Every once in a while I look back on my hopes and dreams of the past and get an epiphany, of sorts, which makes me realize that things often do work themselves out, regardless of the road you take.
You see, I always thought I wanted to be a teacher. I have always loved being around and working with young children. And yet, for some reason or another I didn’t go into teaching and opted to study Early Childhood Education, and Child & Youth Care instead.
I worked in a few different preschools, always managing to become the head preschool teacher, but I was never truly happy. During those glum years I often thought owning my own preschool was the answer to my happiness. However that particular dream didn’t happen either, for during the same time frame I also had my sights on having my own children. The process of which took a lot longer than anticipated, with quite a few heartaches and road blocks along the way. Eventually, however, my wish for children was granted. And almost seven years later I am still “momming”.

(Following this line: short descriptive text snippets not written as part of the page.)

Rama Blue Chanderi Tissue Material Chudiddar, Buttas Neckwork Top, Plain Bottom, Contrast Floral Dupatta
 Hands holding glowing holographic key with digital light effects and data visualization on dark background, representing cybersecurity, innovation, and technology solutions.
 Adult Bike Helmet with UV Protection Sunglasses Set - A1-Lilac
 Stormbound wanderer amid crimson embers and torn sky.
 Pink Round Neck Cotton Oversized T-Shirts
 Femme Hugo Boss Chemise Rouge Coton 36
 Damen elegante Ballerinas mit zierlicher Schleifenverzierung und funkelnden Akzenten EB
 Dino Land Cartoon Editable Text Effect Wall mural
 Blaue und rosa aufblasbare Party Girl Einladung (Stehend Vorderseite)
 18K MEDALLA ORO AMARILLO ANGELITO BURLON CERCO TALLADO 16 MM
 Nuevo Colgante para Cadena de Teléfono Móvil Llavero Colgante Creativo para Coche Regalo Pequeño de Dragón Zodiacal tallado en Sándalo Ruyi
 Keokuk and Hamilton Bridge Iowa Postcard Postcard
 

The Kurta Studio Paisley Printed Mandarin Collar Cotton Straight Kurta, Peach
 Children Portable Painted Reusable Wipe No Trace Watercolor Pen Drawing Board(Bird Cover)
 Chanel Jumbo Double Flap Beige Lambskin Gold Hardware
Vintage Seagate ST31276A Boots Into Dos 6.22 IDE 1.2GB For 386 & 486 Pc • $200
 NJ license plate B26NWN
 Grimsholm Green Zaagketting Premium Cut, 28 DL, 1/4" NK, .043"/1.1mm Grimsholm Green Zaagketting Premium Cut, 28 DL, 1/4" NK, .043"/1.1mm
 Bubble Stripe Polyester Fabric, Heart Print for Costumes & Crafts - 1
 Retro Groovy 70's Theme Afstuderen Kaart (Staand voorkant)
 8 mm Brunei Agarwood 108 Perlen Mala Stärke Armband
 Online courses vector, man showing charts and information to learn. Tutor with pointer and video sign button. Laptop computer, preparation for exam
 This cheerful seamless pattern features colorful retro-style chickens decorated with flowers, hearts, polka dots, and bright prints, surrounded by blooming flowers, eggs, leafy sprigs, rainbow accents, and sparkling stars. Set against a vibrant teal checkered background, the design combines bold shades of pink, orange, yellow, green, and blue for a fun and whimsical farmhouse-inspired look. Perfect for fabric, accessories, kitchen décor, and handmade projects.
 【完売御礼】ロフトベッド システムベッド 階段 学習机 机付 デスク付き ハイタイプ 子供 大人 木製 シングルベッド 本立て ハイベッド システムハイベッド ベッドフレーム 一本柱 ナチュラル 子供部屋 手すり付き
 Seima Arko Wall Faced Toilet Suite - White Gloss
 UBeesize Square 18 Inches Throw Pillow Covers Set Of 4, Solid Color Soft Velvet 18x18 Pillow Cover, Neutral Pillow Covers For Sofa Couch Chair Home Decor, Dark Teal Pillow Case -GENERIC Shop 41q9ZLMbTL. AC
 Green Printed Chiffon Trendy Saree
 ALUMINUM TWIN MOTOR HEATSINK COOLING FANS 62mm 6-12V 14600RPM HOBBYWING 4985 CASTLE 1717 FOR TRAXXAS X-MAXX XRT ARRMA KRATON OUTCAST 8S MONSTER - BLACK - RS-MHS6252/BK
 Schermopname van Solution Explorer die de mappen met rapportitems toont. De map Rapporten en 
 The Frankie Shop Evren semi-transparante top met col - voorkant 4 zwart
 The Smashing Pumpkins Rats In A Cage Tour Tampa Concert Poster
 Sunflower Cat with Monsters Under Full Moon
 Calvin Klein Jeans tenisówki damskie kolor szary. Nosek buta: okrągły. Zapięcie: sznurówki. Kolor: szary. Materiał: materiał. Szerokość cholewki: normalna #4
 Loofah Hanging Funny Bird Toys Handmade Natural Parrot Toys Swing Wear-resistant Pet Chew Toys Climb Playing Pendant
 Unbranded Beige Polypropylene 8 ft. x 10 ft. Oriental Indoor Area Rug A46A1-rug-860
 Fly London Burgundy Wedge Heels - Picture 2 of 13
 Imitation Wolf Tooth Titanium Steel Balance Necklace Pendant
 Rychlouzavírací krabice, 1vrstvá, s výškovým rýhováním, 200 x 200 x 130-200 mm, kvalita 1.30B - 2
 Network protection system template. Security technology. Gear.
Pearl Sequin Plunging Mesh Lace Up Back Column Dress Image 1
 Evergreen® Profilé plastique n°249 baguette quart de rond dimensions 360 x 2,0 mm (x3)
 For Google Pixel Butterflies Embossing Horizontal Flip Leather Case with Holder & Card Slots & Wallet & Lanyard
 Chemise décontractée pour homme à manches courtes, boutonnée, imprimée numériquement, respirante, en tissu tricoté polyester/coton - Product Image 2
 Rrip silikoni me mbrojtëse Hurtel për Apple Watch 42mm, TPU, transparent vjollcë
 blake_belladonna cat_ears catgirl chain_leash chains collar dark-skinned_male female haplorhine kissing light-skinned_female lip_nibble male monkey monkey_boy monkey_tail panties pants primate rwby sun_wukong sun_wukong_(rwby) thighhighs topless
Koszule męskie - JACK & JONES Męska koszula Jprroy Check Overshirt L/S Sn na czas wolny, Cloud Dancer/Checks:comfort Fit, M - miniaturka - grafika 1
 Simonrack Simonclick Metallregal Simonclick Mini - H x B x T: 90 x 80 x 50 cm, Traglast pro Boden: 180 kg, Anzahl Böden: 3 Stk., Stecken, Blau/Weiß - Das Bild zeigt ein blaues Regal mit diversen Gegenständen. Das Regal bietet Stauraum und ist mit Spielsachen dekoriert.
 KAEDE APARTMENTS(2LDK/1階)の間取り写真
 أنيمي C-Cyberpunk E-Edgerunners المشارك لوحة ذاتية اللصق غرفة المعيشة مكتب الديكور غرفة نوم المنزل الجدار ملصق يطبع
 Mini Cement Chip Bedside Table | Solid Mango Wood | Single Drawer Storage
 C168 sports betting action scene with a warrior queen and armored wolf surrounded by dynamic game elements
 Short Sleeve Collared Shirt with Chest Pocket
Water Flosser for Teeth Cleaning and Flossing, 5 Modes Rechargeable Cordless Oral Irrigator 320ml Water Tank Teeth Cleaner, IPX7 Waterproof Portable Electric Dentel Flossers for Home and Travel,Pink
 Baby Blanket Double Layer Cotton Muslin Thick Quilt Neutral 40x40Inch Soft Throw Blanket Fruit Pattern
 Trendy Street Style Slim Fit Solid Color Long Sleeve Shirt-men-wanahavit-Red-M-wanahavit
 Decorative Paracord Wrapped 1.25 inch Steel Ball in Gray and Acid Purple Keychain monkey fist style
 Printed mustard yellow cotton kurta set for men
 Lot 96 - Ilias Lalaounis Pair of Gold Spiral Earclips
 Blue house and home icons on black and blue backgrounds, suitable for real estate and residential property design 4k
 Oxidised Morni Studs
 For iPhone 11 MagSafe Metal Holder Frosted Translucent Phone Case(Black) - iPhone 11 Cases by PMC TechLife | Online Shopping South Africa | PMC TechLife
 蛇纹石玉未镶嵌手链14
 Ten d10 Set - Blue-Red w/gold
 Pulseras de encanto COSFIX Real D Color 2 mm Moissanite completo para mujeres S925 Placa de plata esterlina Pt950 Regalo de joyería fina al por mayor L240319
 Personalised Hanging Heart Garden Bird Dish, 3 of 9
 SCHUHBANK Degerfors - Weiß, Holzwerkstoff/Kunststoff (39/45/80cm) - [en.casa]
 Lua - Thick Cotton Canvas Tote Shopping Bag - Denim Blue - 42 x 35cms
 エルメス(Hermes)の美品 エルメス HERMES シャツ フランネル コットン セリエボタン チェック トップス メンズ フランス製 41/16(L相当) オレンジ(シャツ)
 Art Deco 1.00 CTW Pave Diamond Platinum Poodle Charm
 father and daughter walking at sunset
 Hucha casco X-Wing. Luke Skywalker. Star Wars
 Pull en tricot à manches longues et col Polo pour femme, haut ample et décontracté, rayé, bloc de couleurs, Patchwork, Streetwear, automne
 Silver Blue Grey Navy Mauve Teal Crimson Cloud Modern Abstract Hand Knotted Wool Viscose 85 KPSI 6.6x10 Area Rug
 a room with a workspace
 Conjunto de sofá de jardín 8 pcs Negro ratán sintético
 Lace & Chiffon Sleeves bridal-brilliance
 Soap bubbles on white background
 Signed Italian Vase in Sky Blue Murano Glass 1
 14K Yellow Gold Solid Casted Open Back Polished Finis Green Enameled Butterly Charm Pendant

It was never ‘my dream’ to be a stay-at-home-mom, it just kind of happened. Sure it was a discussion my husband and I had (his own Mom was a SAHM), but we always said we would just take it year by year while reviewing our financial situation…and my state of mind, along the way.
The decision to homeschool our children has also put a whole new twist on staying at home. It comes with a lot more responsibility… and a whole lot more work. However, to me the benefits of continuing homeschool far outweigh the negatives, and the further we get into it the longer I wish for my children to stay the course (so to speak).
So I guess the question is, am I truly happy now? I can’t say my ‘job’ over the last seven years has been easy. There have definitely been days where I wish I could just walk away and quit. There have been days full of tears, days where I want to run and hide, and days where I am literally pulling my hair out. So while I can’t say I have loved and enjoyed every single second of being at home with my children 24/7, I can say that I am truly grateful I am still able to be right where I am. So yes, I truly am happy!
And what makes me even happier is finally realizing that in a roundabout way I am doing exactly what it is I always thought I wanted to do. No I don’t have a degree in teaching, nor am I getting paid…but, I honestly feel I get the best of both worlds. I get to be my child’s teacher, but I don’t have to deal with the politics of the school system; I don’t have anyone telling me when I can or can’t take holidays; I can work in my pajamas if I feel like it; I don’t have a boss…well, my 6 and 3 year-old can sometimes make it feel like I do; ;) and, the best part is I still get to stay at home with my children!
At the moment I honestly can’t think of a better job suited for me!